Me dio rabia y repliqué:
– ¿Y vos por qué escuchás las conversaciones que no te importan?
– Entonces te calentó nomás la cabeza. ¿Te ordenó que fueras a buscar a su hijita? Menos mal que a la vuelta comerás a gusto, porque será ella la que te cocine.
Estas peleas con la vieja me desagradan. Sin contestar palabra, salí.
No había llegado a la esquina cuando se me cruzó el Gordo Picardo. Lo comprobé: cuando uno está más afligido se topa con un fantoche como Picardo y lo que a uno le sucede ya no parece real, sino un sueño. No por eso las cosas mejoran. Uno está igualmente atribulado, pero menos firme en la tierra.
– ¿Adónde vas? -preguntó.
Al hablar, es notable lo que Picardo mueve la manzana de Adán.
– Tengo que hacer -dije.
Me espiaba con insistencia, disimulando apenas la curiosidad. Admira pensar que alguna vez lo consideramos una especie de matón, porque ahora no solamente es el más infeliz del barrio, sino también el más flaco.

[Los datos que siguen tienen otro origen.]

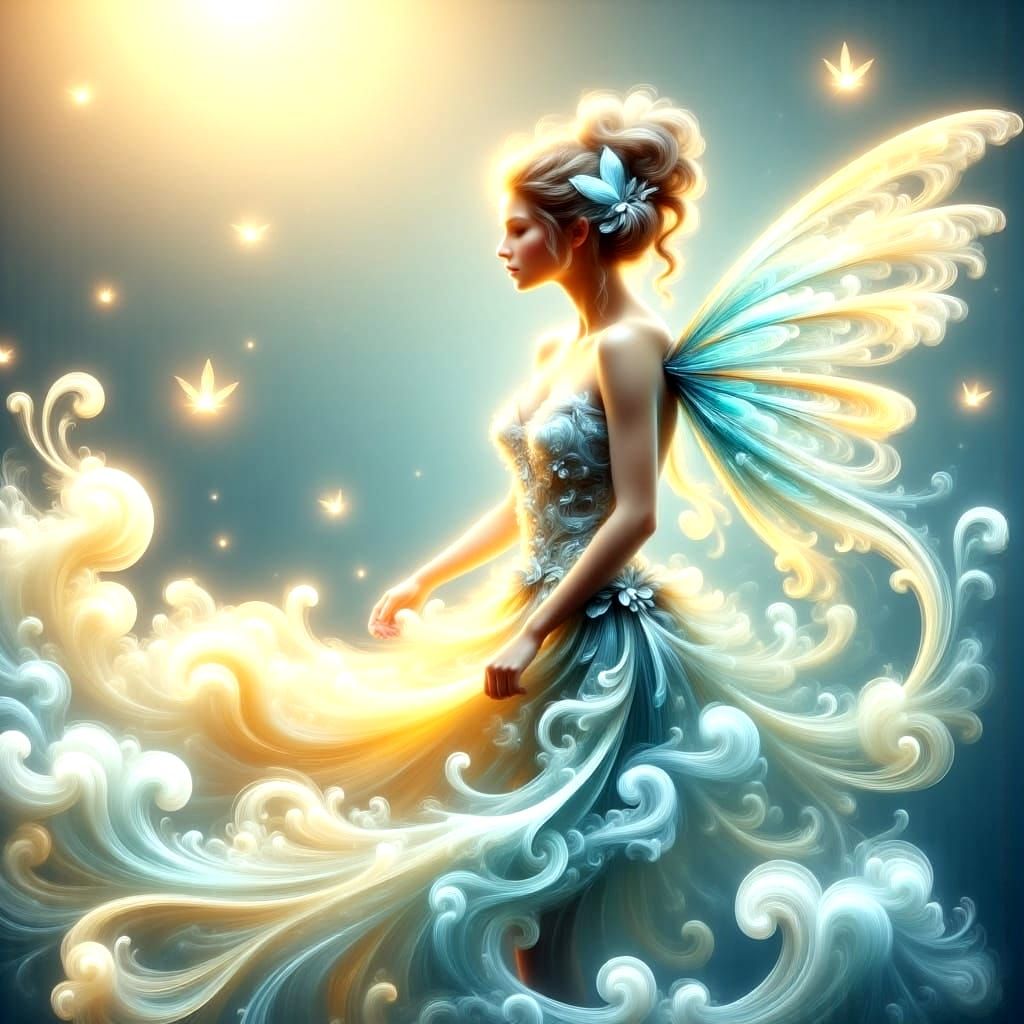 Feminine Fairy in a Snowy Meadow under a Bright Blue Sky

– La vimos a tu señora esta mañana -dijo-. Salió tempranito.
– ¿Qué hay con eso? -pregunté.
No sé por qué recuerdo un detalle del momento: sin querer, yo le veía, en la manzana de Adán, los pelos mal afeitados.

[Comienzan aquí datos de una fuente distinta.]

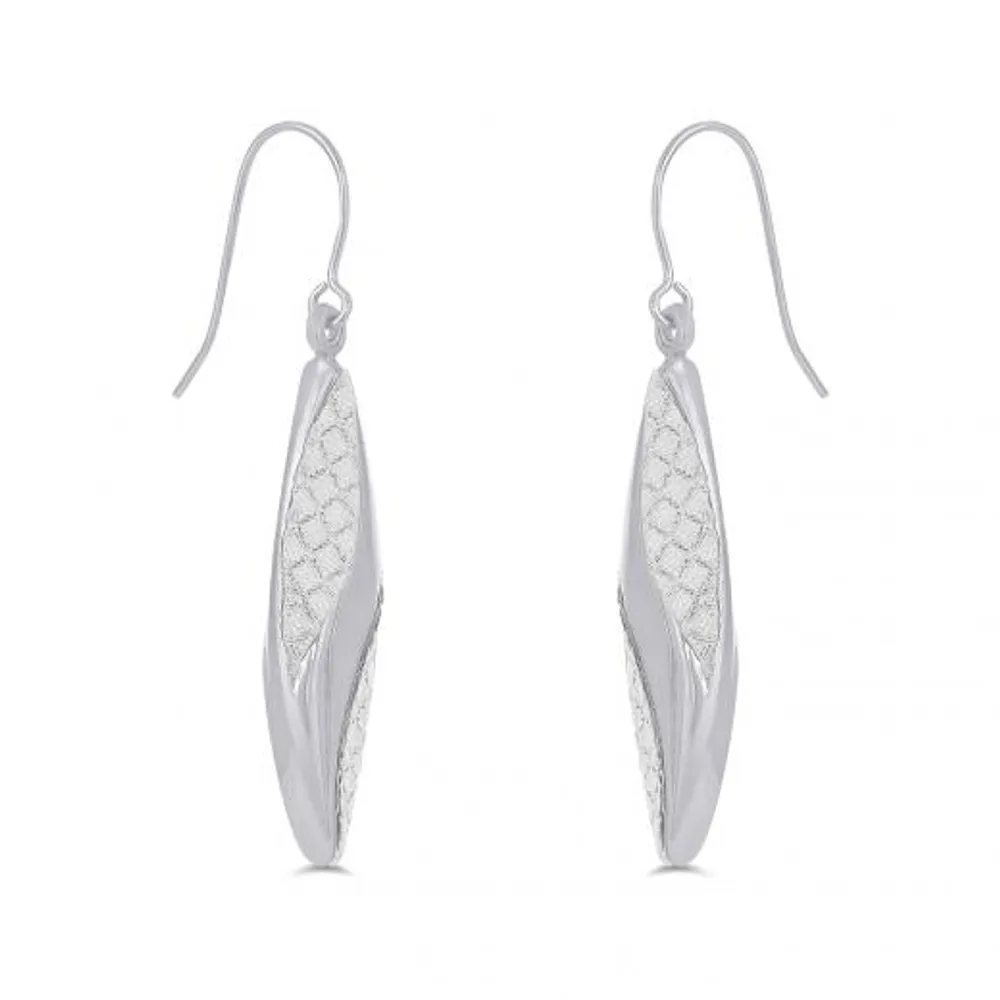 Sterling Silver Glitter Twist Drop Earrings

– ¿Vas a buscarla? -preguntó.
– ¿Cómo se te ocurre? -contesté sin pensar.
Me dijo:
– Tenés que probar la suerte en el juego.
– Dejame tranquilo.
– Paso quinielas y redoblonas. Porque supo que tenemos teléfono, me nombró su agente un doctor que a veces para en La Curva. Empiezo a trabajar la semana que viene. -Hizo una pausa y agregó con inesperado aplomo-: Me gustaría contarte entre mis clientes.
Estuve por decirle que ese trabajo no era para infelices, pero quería sacármelo de encima, así que le prometí:
– Voy a ser tu cliente si ahora te quedás acá.
Recuerdo en sus más ínfimos detalles el encuentro con Picardo. En realidad, todo lo que sucedió después de la horrible noche de mi cumpleaños, lo recuerdo como si pasara ante mis ojos. Un sueño se olvida; una pesadilla como ésta, no.
XIII
La escuela de perros ocupa el terreno, espacioso pero irregular, donde estaba, cuando éramos chicos, el gallinero y quinta de Galache. El edificio, como lo llama el alemán, es la vieja casilla, sólo que ahora está más vieja, con la madera reseca -desde los tiempos de Galache no le habrán dado lo que se llama una mano de pintura-, con algún tablón podrido y desclavado. A mí siempre me admiró que la quinta produjera esos duraznos de tan buen aroma, porque todo el paraje estaba cubierto de olor a pollo. Hoy, ese olor es a perro.
No sé por qué me allegué con desconfianza. Usted dirá: "Miedo a los perros". Le aseguro que no. Era una fantasía, la imaginación de que al entrar de golpe yo iba a descubrir un secreto que me traería pesadumbre. Pensé: "Hay que jugar limpio". Le refiero el detalle porque demuestra cómo funcionaba mi mente; antes de saber nada, como si presintiera las pruebas a que me someterían, desvariaba un poco. Pensé: "Hay que jugar limpio" y me puse a golpear las manos. Al rato asomó el profesor. No pareció alegrarse de mi visita.